# Faidley's Crab Cakes



## Barbarainnc (Jan 2, 2006)

Faidley's Crab Cakes 

1/2 c mayonnaise 
1 large egg, lightly beaten 
1 T Dijon mustard 
1 T worcestershire sauce 
1/2 t hot sauce 
1 pound fresh lump crabmeat,drained 
1 c crushed saltines(about 20 crackers) 

Stir together the first 5 ingredients, and fold in the crabmeat and saltines. Let stand for 3 minutes. Shape into 8 patties. I used an 1/3 c to measure with. Place on a wax paper lined baking sheet, cover and chill for 1 hour. Fry on each side for about 3-4 minutes, in a little bit of oil. Drain on paper towels.


----------



## amber (Jan 8, 2006)

I love crab cakes.  I make a roasted corn, and red pepper salsa to put on top of them.


----------



## lindatooo (Jan 8, 2006)

Oh YUM!  Here I live in the best Crab country in the world and though I love 'em I've never made 'em!  Gonna have to try this one!  

Thanks


----------



## mudbug (Jan 9, 2006)

I love crab cakes and the name Faidley.  Is that someone's first name?  Even better.


----------



## auntdot (Jan 9, 2006)

Faidley's is in Baltimore.

The place is not fancy at all, as I recall we stood to eat the crab cakes.  And they did have a raw bar.
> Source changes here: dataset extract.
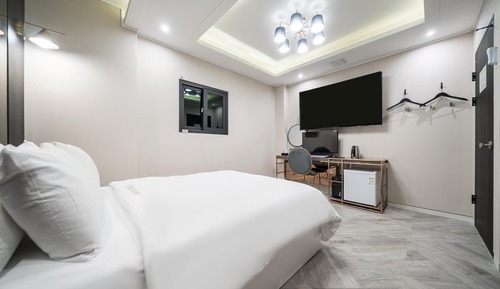 Room (Premium (TV Spa Bathtub))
But the crab cakes are very good.

And we live in crab country and believe me everyone has their own favorite recipe.

Might head back to Baltimore just for another taste of those suckers.


----------



## mudbug (Jan 10, 2006)

aunt dot, I like not fancy.

I live nearish to Ballemore (will they call me "hon"?)
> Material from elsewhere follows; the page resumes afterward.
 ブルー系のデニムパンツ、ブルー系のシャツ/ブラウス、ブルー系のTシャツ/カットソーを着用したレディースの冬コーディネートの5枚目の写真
I live in the same general area as you, so I know about everyone's "authentic" recipe

Will have to try this place.  thanks for the tip.


----------



## auntdot (Jan 10, 2006)

You are very welcome Mudbug.

As I remember there was no place to sit in the place, but the crab cakes were good.

Maybe someone should start a thread on crab cake recipes.  Although around here people could come to blows over the things. People try not to talk about them.  We want to be friends.
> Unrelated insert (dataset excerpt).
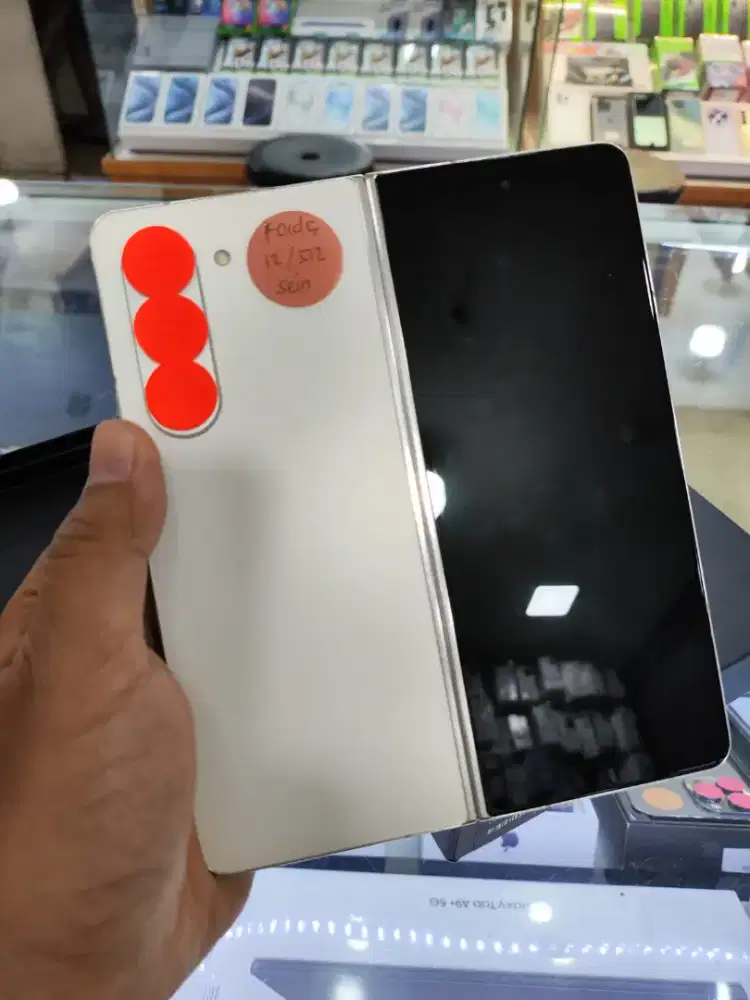 Second Samsung Galaxy Z Fold 5 12/512GB Cream Ex Garansi Resmi Sein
I am not sure I have seen a food about which people have such strong, and varying, opinions.

Remember a fella I used to know whose wife was a local teacher, and a student, the son of a local restaurant owner, would tell her when crab cakes were on the menu. They swooned over them.

We tried them once, anticipating nothing more than absolute ambrosia.

BLECHHH, BLECHHH, a thousand times BLECHHH.

A waste of lump crab meat that should be punishable by hard time.

Have heard about Faidley's crab cakes for a number of years, and we enjoyed them.

But that was just us.

I feel that crab cakes are just too difficult an issue for the gentle people on this website.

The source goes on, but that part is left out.